Terry Student Receives Prestigious Graduate Research Fellowship
Eilidh Geddess, an economics major at Terry College of Business at University of Georgia, was offered the National Science Foundation Graduate Research Fellowship this year. The fellowship recognizes and supports stand-out graduate students in science, technology, engineering and mathematics disciplines. Geddes was selected from a pool of more than 16,000 applications nationwide.
“The University of Georgia’s academic programs in the STEM disciplines are among the best in the nation,” said UGA President Jere W. Morehead to the Terry news site. “We expect our outstanding students and alumni who represent these programs to compete successfully for the most prestigious academic awards, and they do so consistently. I extend my congratulations to the award recipients for this significant accomplishment.”
For those who didn’t win the fellowship, MBA students at Terry have scholarships . The Terry MBA Leadership Scholarship is given out during the spring semester, ranging from $1,000 to $2,000 annually, to a student who has shown promising leadership skills.

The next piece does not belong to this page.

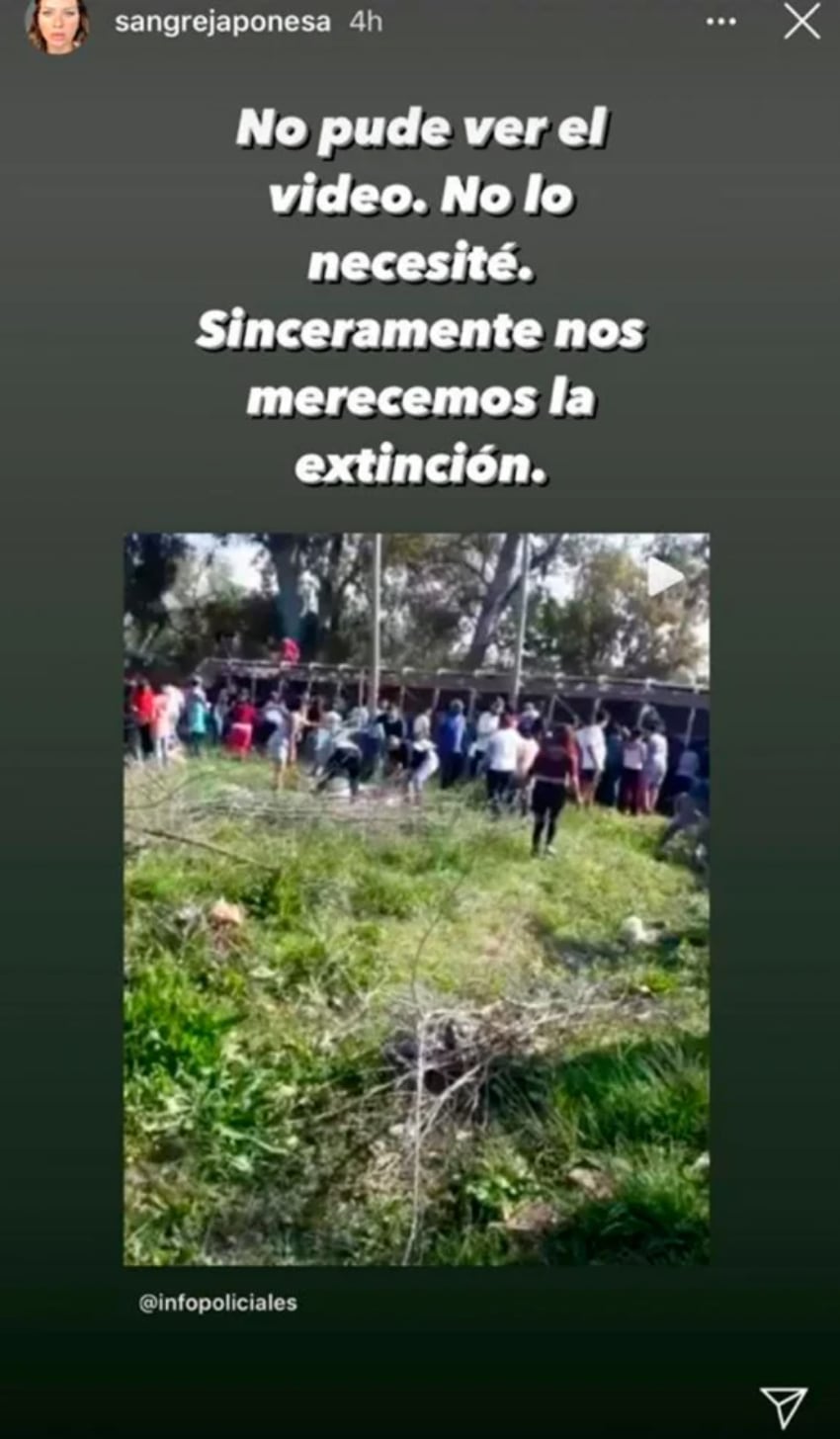 La actriz publico en sus Stories lo que piensa de lo sucedido.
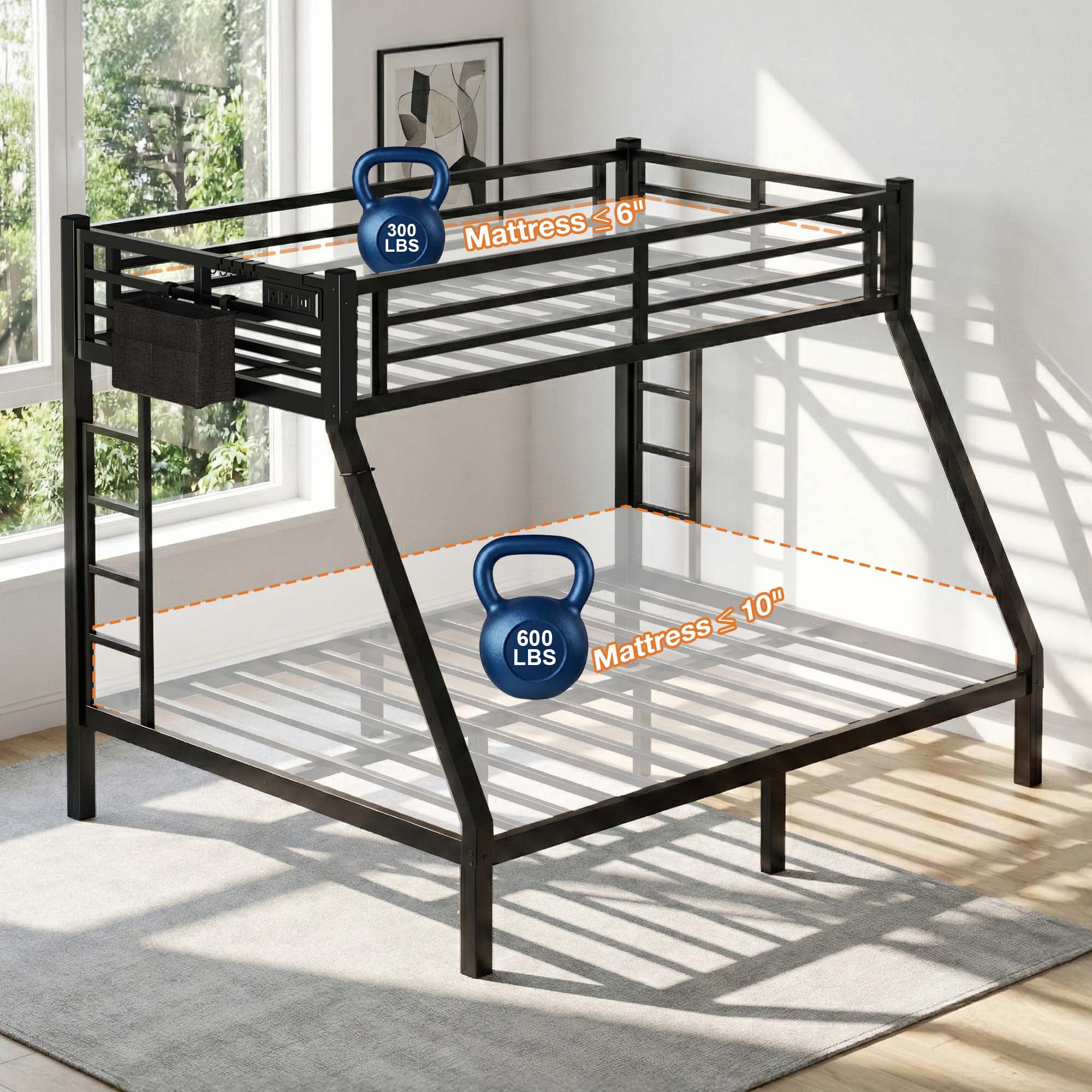 Twin XL Over Queen Metal Bunk Bed Frame with Charging Station, Storage Bag for Adult Bunk Bed, Black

The National Science Foundation (NSF) is a federal agency created in 1950 in order to promote scientific research. It is the funding source for approximately 24 percent of all federally supported basic research at colleges in America according to their website. The website describes NSF’s mission:
“We are tasked with keeping the United States at the leading edge of discovery in areas from astronomy to geology to zoology. So, in addition to funding research in the traditional academic areas, the agency also supports “high-risk, high pay-off” ideas, novel collaborations and numerous projects that may seem like science fiction today, but which the public will take for granted tomorrow. And in every case, we ensure that research is fully integrated with education so that today’s revolutionary work will also be training tomorrow’s top scientists and engineers.”